## Review from the last session

- Universal hash family of functions
- Jaccard similarity and distance
- Connection between minhash signatures and Jaccard distance

## Python Imports

In [None]:
import numpy as np
import pandas as pd

rng = np.random.default_rng()

## Universal Hash Family

A family with the following property:

> for any pair of keys in the universe of keys (i.e. $U$), a hash
> function drawn uniformly at random from the family will cause the keys
> to collide with an expected probability of $1/m$, where $m$ is the
> table size.

Let $p$ be a large prime, and let $a, b$ be random integers chosen
uniformly such that $1 \leq a \leq p-1$ and $0 \leq b \leq p-1$.

In [None]:
import random
import math
import numpy as np
import pandas as pd

rng = np.random.default_rng()
class UHF:
    """A factory for producing a universal family of hash functions"""

    @staticmethod
    def is_prime(k):
        if k%2==0:
            return False
        for i in range(3, int(math.sqrt(k)), 2):
            if k%i == 0:
                return False
        return True

    def __init__(self, n):
        """Universe size is n"""
        self.n = n
        if n%2==0:
            m = n+1
        else:
            m = n+2
        while not(UHF.is_prime(m)):
            m = m+2
        self.p = m

    def make_hash(self, m):
        """Return a random hash function

        m: table size
        """
        a = random.randint(1,self.p-1)
        b = random.randint(0,self.p-1)
        return lambda k: ((a*k+b)%self.p)%m

## Test the Universal Hash Family (Exercise)
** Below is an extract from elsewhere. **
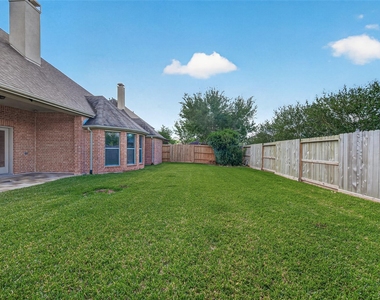 6726 Hathaway Lane - Photo Thumbnail 43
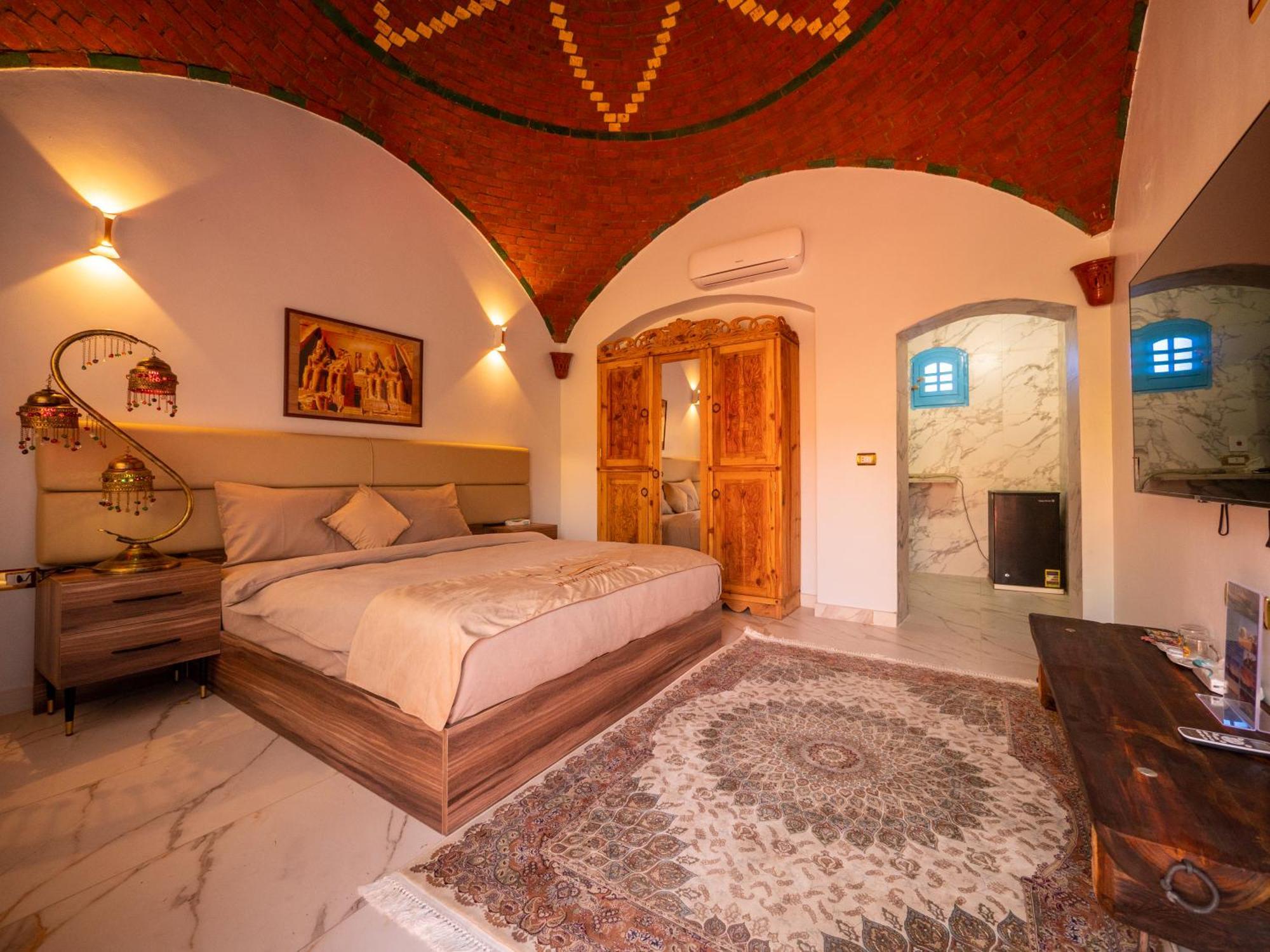 B&W Sahara Sky Camp Hotel Farafra Exterior photo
Set up and evaluate an experiment to verify that the family defined
above is indeed a universal family. Use a reasonable universe of keys,
say integers in $range(1000000)$ and a hash table of size $5000$.

- Fix two keys at random
- Generate a lot of hash functions and see how many of them collide

## Data as Feature Matrices

- Each data item is generically referred to as a **document**

- In the simplest case, documents are *characterized* by the presence or
  absence of *binary* features (indicated by 0 and 1), i.e., the data is
  the **characteristic matrix** of the features.

In [None]:
characters = pd.DataFrame({'Hermione': [1,0,0,1,1,0,1],
                           'Harry': [0,0,1,1,1,0,1],
                           'Ron': [1,1,0,0,0,1,1],
                           'Severus': [1,0,0,0,0,1,1]})

## Jaccard Similarity

Jaccard *similarity* between two documents $D_i$ and $D_j$ equals
$ \text{SIM}(i,j) = \frac{|D_i \cap D_j|}{|D_i \cup D_j|}$

**Question:** What is the Jaccard similarity between `Harry` and
`Hermione`? Between `Severus` and `Ron`?

## Compressing a document\'s representation: Minhash Signatures

Choose a *random* permutation $p$ of the features. A **minhash signature**
$\text{sign}_p(i)$ for document $D_i$ using permutation $p$
is obtained as follows:

- recall that the document is a feature vector in the original order of
  features
- **Reorder** the feature vector according to the permutation $p$
- Among all features present in the document, determine the one with the
  **smallest index in the new ordering**! This index is the signature
  for the document.

## Example (contd)

For our example above, consider document `Hermione` with feature vector
$[1,0,0,1,1,0,1]$ (the first column above).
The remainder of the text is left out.